La Valnerina si trova in Umbria in provincia di Perugia, a ridosso della provincia di Terni.Valnerina veduta da Montefranco

La prima meta è Montefranco dove stabiliamo la nostra base. Si tratta di un borgo medievale di origine longobarda arroccato su un colle che domina le valli sottostanti, ideale per riposare in tranquillità.

Montefranco
Monfefranco – il borgo

I tesori della Valnerina: il borgo di Arrone

Arrone – i vicoli

Un altra perla della Valnerina è Arrone. E’nel novero dei borghi più belli d’Italia e fonda le sue radici nel IX secolo. La salite al nucleo storico permette di apprezzare i vicoli medievali perfettamente conservati. Sembra veramente di essere al tempo dei longobardi!

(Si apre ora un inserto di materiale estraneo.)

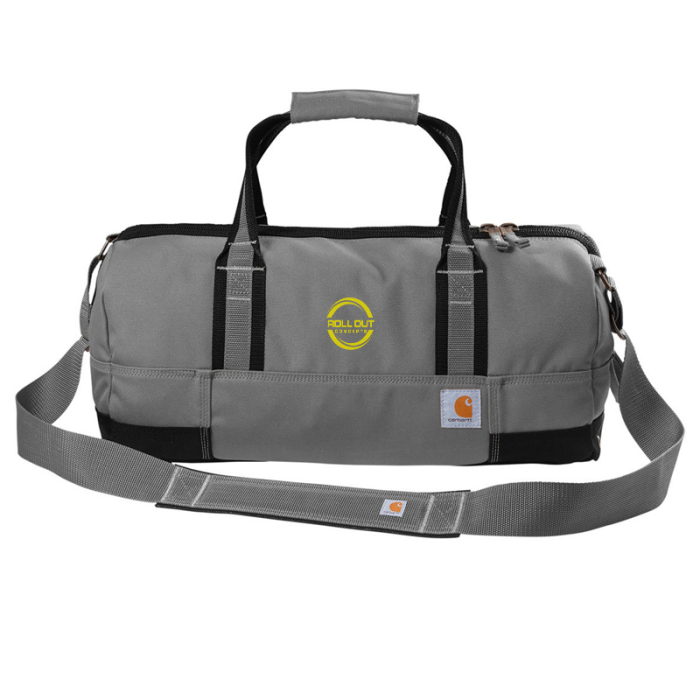 Customized Carhartt® Foundry Series 20 Duffels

Ritorniamo alla base di Montefranco. il giro per i vicoli alle luci dei lampioni è suggestivo e ci prepara alla cena presso il Ristorante Il tralcio e l’uva attiguo all’albergo.

Le mummie di Ferentillo

Ferentillo – la rocca di Precetto

La Valnerina ci riserva altre sorprese.  Nelle vicinanze di Montefranco sorge Ferentillo, borgo diviso tra due rocche, anche queste di origini longobarde, Precetto e Matterella. Una delle particolarità del borgo è che al di sotto della chiesa di Precetto è situato il museo delle mummie (qui).

Spoleto

Lasciamo la Valnerina per dedicarci ad una delle più belle città dell’Umbria Spoleto.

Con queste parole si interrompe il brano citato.